WORK INSTRUCTION. Ignoring every picture, return the lines of the listing below word for word, from the line that holds "Arvin Pijama Set" through the line that holds "Quita pelusas de".

DATA SHOWN.
════════════════

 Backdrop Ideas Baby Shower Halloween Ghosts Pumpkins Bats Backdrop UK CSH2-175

════════════════

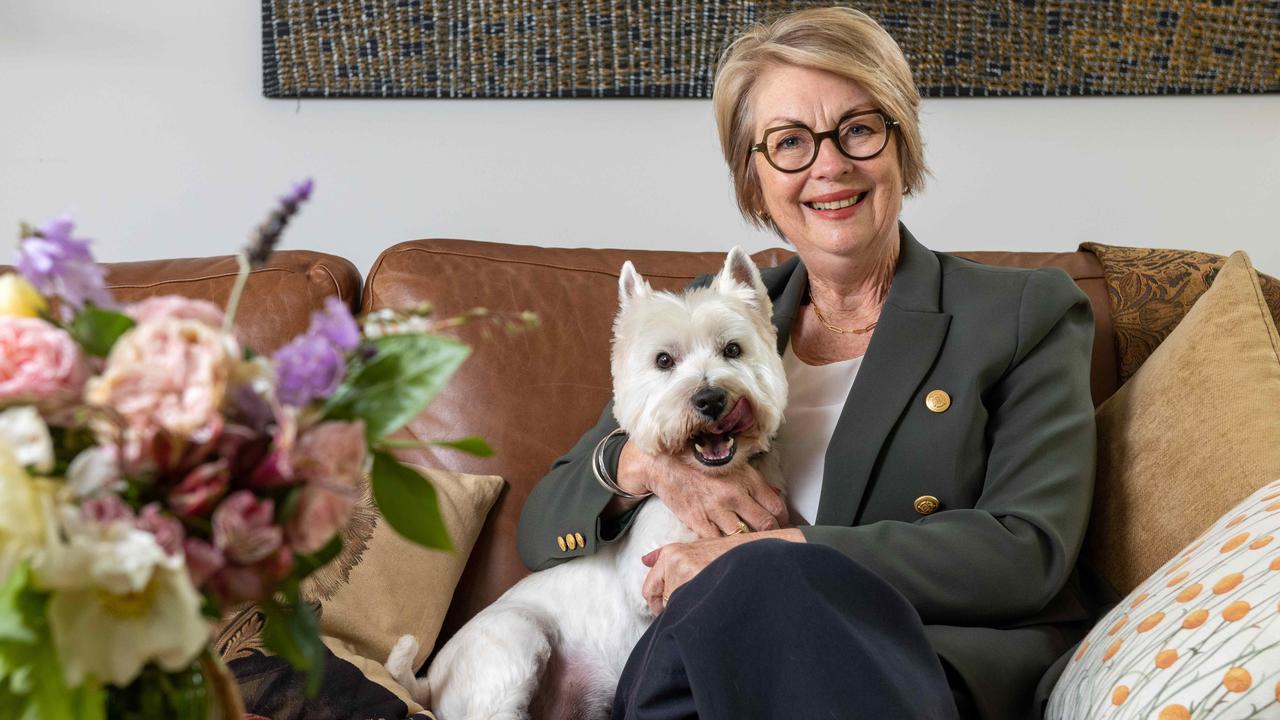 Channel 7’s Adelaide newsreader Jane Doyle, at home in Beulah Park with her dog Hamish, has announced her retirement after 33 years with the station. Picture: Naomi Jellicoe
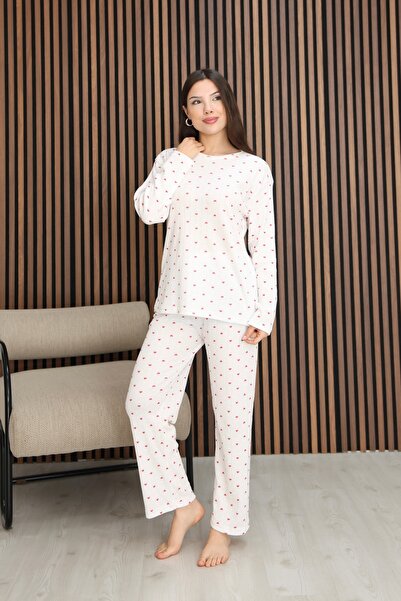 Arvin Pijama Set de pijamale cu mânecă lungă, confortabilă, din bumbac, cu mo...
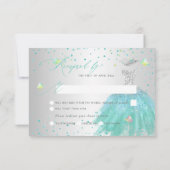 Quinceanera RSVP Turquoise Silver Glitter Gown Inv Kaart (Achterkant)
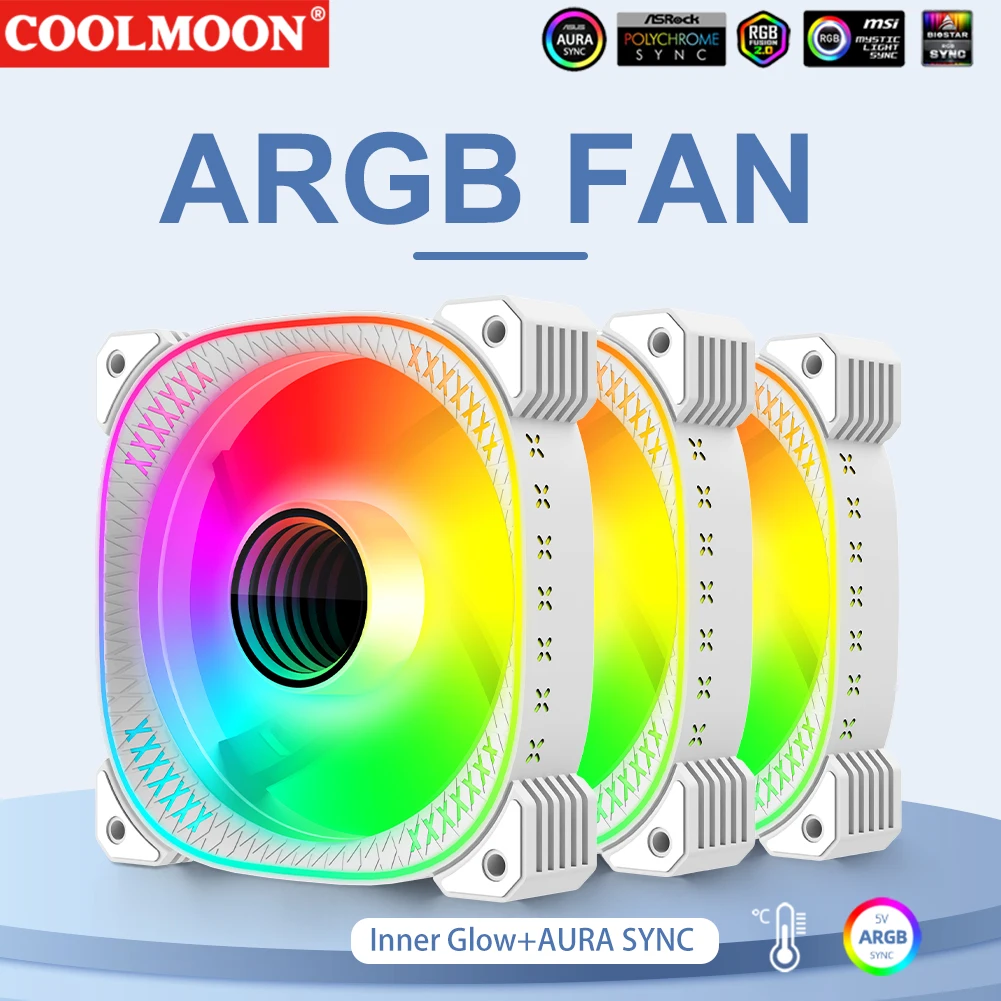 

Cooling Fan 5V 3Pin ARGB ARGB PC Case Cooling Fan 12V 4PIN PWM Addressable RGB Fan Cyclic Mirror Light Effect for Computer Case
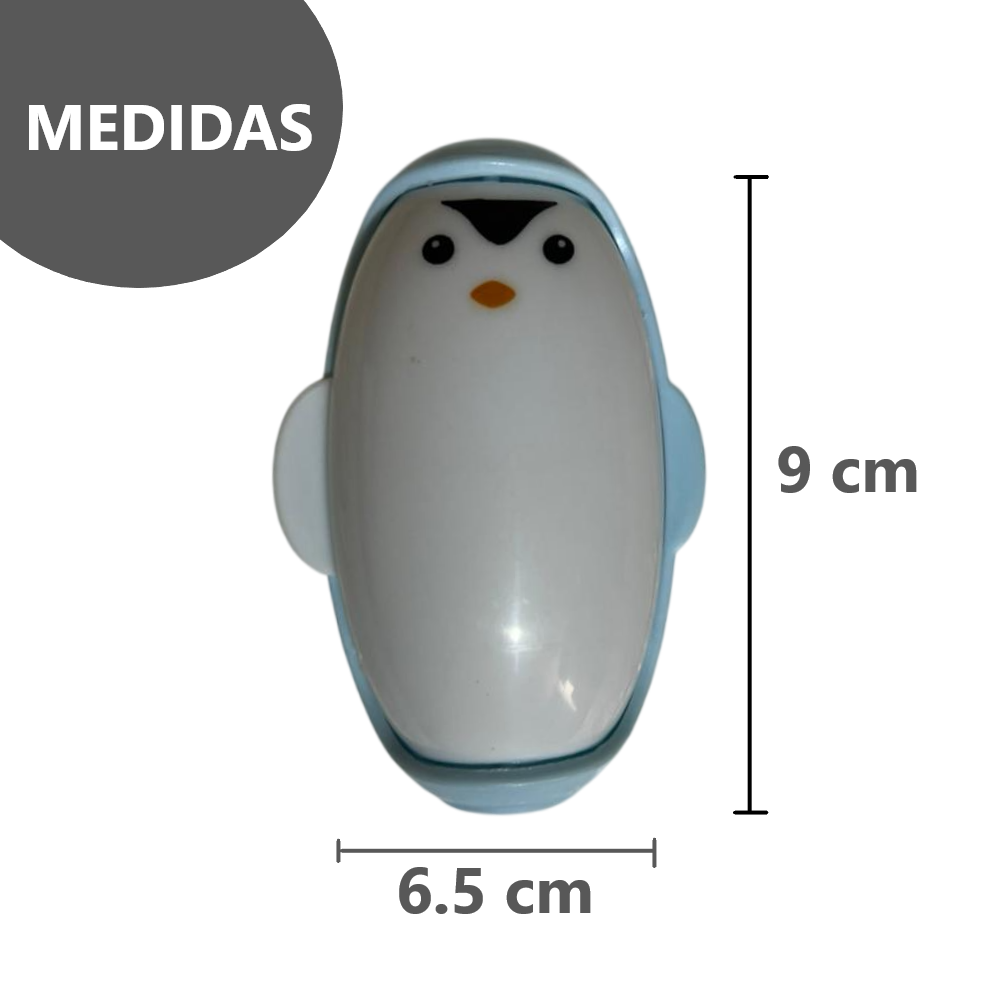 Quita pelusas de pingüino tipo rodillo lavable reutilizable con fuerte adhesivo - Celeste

════════════════

THE ANSWER.
 Arvin Pijama Set de pijamale cu mânecă lungă, confortabilă, din bumbac, cu mo...
 Quinceanera RSVP Turquoise Silver Glitter Gown Inv Kaart (Achterkant)

Cooling Fan 5V 3Pin ARGB ARGB PC Case Cooling Fan 12V 4PIN PWM Addressable RGB Fan Cyclic Mirror Light Effect for Computer Case
 Quita pelusas de pingüino tipo rodillo lavable reutilizable con fuerte adhesivo - Celeste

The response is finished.